Small, comfortable, beachfront accommodation such as the Star of Dahab, the Jasmine Guest House and Penguin Camp are available at the quiet, southern end of town. Further into town are the Mohammed Ali and the Crazy Camel Camp (which has its own excellent dive centre). Here you will also find that some larger hotels are being introduced.
These days you have everything from basic £1.50-a-night rooms to air-conditioned luxury. There are plenty of restaurants and you can still get a good meal for £2.
Fly to Sharm El Sheikh (booking through one of the leading tour operators), then take a one-hour taxi ride (taxis take up to six people), which costs about EL100 (£20) in total. Visas are available on arrival at Sharm El Sheikh airport.
Alternatively, fly to Cairo and take an eight-hour bus ride to Dahab (long and tedious).

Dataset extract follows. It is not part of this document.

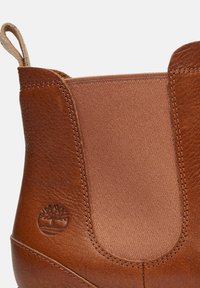Timberland MID CHELSEA - Botines con plataforma - rust copper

The cheapest option (and a chance to see a bit of Egypt) is to take a last-minute flight to Luxor (at quiet times they can be had for less than £100), then a bus to Hurghada, a boat up to Sharm and a taxi to Dahab. Haggle a good diving deal if the dive centre isn’t busy, move into your £2 room and the whole thing will be cheaper than if you’d stayed at home.
What to bring
In summer a 3mm wetsuit is plenty, in winter take a 5 or 6mm suit (it is the most northerly coral reef in the world). Bring your own gear, and a package of guided diving with tanks and weights can cost you as little as a tenner a dive.
Technical diving equipment and instruction is now available in Dahab.